Brief descriptive captions:
***
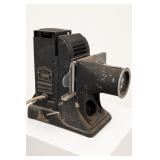 SVE Model RK Miniature Projector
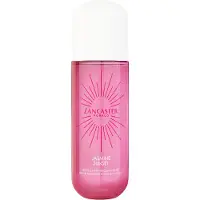 Lancaster Riviera Jasmin Sunset Bodyspray 236 ml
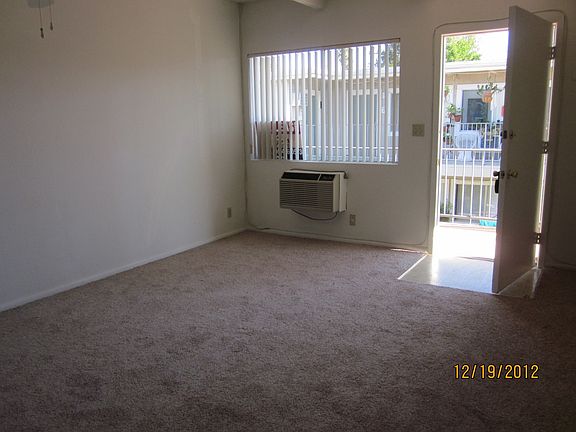 2nd image of 959 Ventura Avenue # Fl Ground
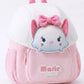 Disney Marie cat  backpack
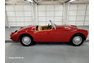 1960 MG MGA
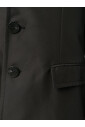 black-classic-coat
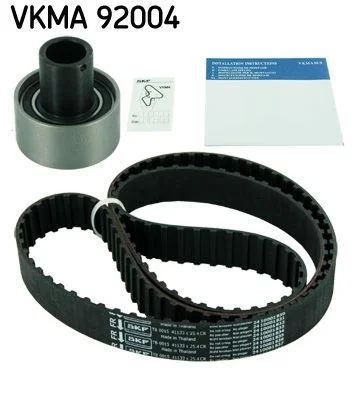 Kit de Correia Distribuição SKF VKMA 92004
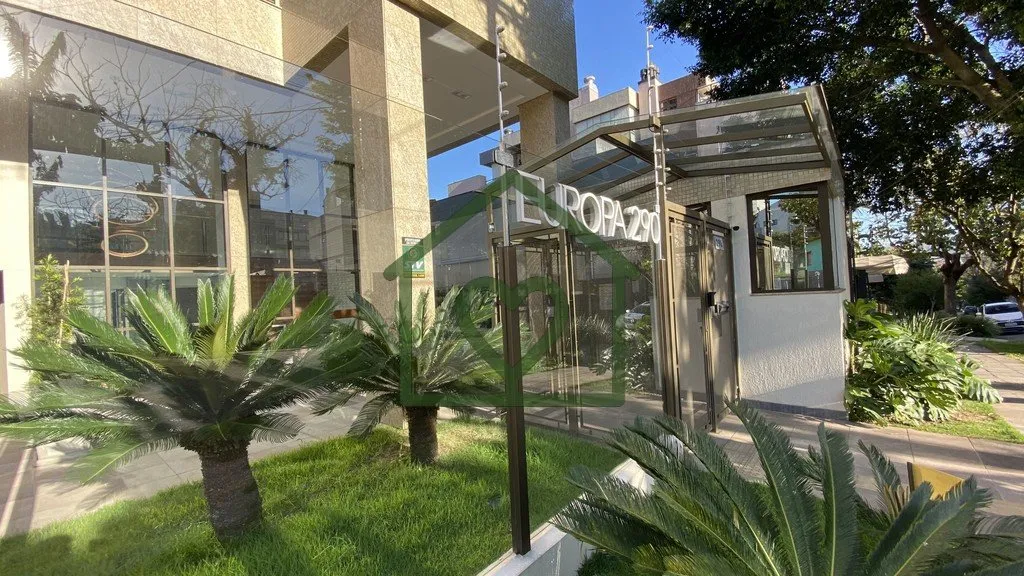 Imagem Quando foi a última vez que você mudou? Não só a mudança de sua casa ou apartamento, mas a mane...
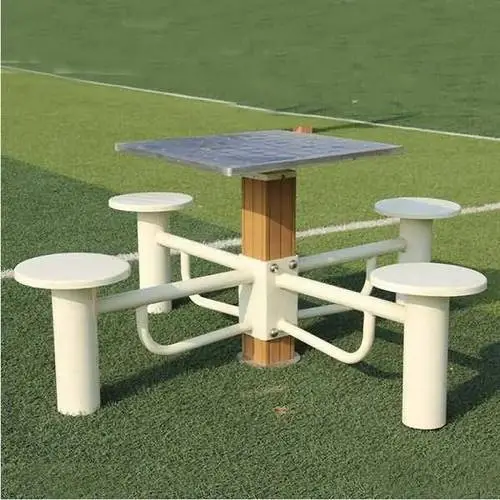 Fu-13电子管功率放大器的操作简便性如何？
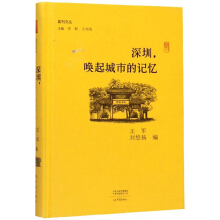 �����ą�-������������е�ӛ��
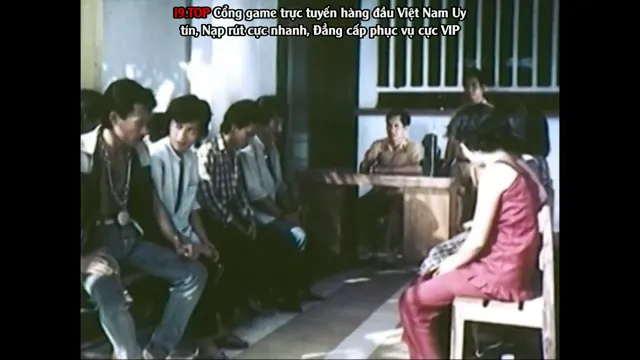 Xem phim Săn Bắt Cướp 1: Tôi Sinh Ra Không Phải Để Ngồi Tù Lồng Tiếng HD tại PhimMoiHot Xem phim Săn Bắt Cướp 1: Tôi Sinh Ra Không Phải Để Ngồi Tù Lồng Tiếng HD tại PhimMoiHot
***
EXERCISE:
Please copy exactly, and only, the lines from the one that contains "Kit de Correia Distribuição SKF VKMA 92004" through the last line of the data above, omitting all pictures.

REPLY TO THE EXERCISE:
 Kit de Correia Distribuição SKF VKMA 92004
 Imagem Quando foi a última vez que você mudou? Não só a mudança de sua casa ou apartamento, mas a mane...
 Fu-13电子管功率放大器的操作简便性如何？
 �����ą�-������������е�ӛ��
 Xem phim Săn Bắt Cướp 1: Tôi Sinh Ra Không Phải Để Ngồi Tù Lồng Tiếng HD tại PhimMoiHot Xem phim Săn Bắt Cướp 1: Tôi Sinh Ra Không Phải Để Ngồi Tù Lồng Tiếng HD tại PhimMoiHot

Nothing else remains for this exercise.